Ralf Kaiser, University of Hawaii,
Nadia Balucani, University of Perugia, Italy,


The abundance of water in nature, its function as a universal solvent, and its role in many chemical, material, and biological processes, is the driving force behind the need to understand its properties and behavior under different conditions and its function in different environments. The symposium aims at capturing recent experimental and theoretical advances in the fields of water clusters, aqueous interfaces, ions in water, water in biological systems, the structure and H-bond dynamics of liquid water, the development of interaction potentials (from classical to quantum) for aqueous solutions and the electronic structure of aqueous systems.

Sotiris Xantheas, PNNL,
Richard Saykally, UC Berkeley,


The quantum N-body problem at the core of chemical theory has an exponential complexity with the number of degrees of freedom. Hence all areas of first-principles chemical simulation must deal with the "curse of dimensionality" that limits the description of quantum effects to relatively simple systems. Several approaches designed to break the curse (Monte-Carlo, many-body expansion, tensor decomposition) have evolved in each domain of chemical theory, yet there are strong similarities between the seemingly domain-specific techniques. This symposium will bring together researchers from several domains of chemical theory (electronic structure, vibrational structure, dynamics) as well as related fields (physics, mathematics) in an attempt to identify and exploit the common threads of inquiry across the disciplines.
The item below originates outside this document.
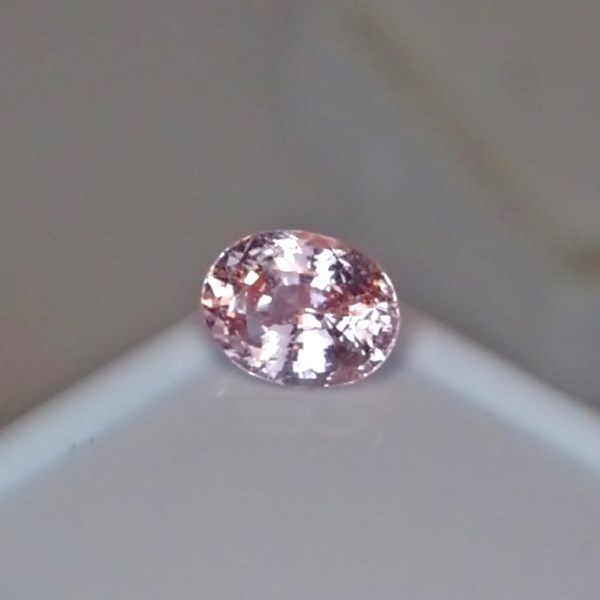 GIA Certified! Unheated Padparadscha Sapphire Sri Lanka 2.23 ct  Litnon.com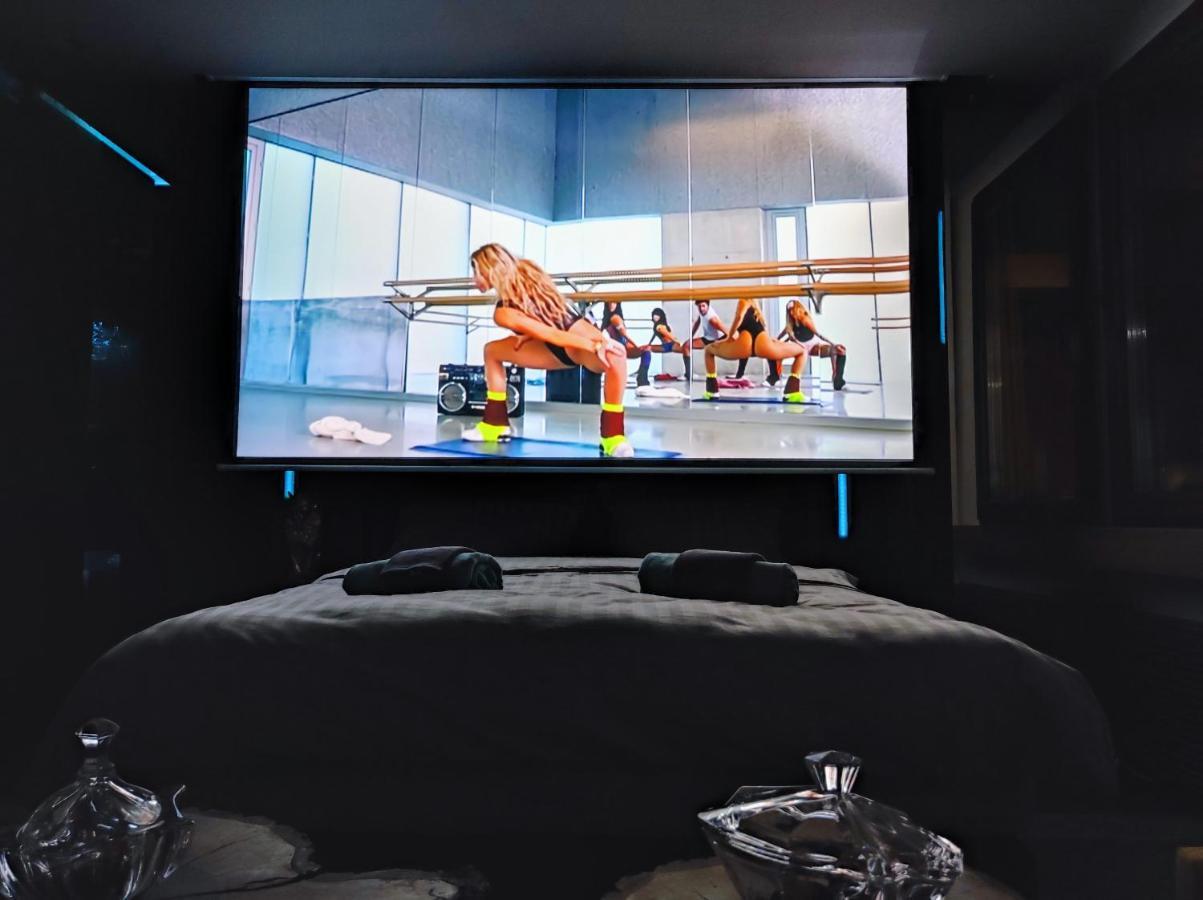 Pentlux - Spa Penthouse In The Heart Of สโกเปีย ภายนอก รูปภาพ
Edward Valeev, Virginia Tech,

Physical Chemistry Symposium Workshop for Undergraduate Chemistry Majors

The Workshop for Undergraduate Chemistry Majors is targeted for current junior chemistry majors, who will be seniors at the time of the Philadelphia meeting. Up to 25 outstanding undergraduate chemistry students have been selected for a series of undergraduate-focused talks and social events during the Indianapolis meeting. In addition, they will be expected to present posters on their research as part of the PHYS poster session. The application deadline has passed, but we encourage attendance at the workshop by all interested participants.

Carol Parish, University of Richmond,

Postdoctoral Research Awards

The PHYS Division will highlight leading research by postdoctoral fellows at the Fall National ACS meeting in Philadelphia through a series of special awards. Awardees will give oral presentations in a PHYS symposium and attend the PHYS executive-committee dinner. The deadline for applications has already passed, and selections will be announced by May 2012.

Physical Chemistry Poster Session

Contributions from all areas of physical chemistry are highly encouraged for the poster session to be held on Wednesday evening, September 11, 2013. At the meeting in Indianapolis, IN, several awards with monetary prizes will be awarded for student posters. To be eligible for the awards, the presenting author must be a graduate or undergraduate student at the time of the poster presentation.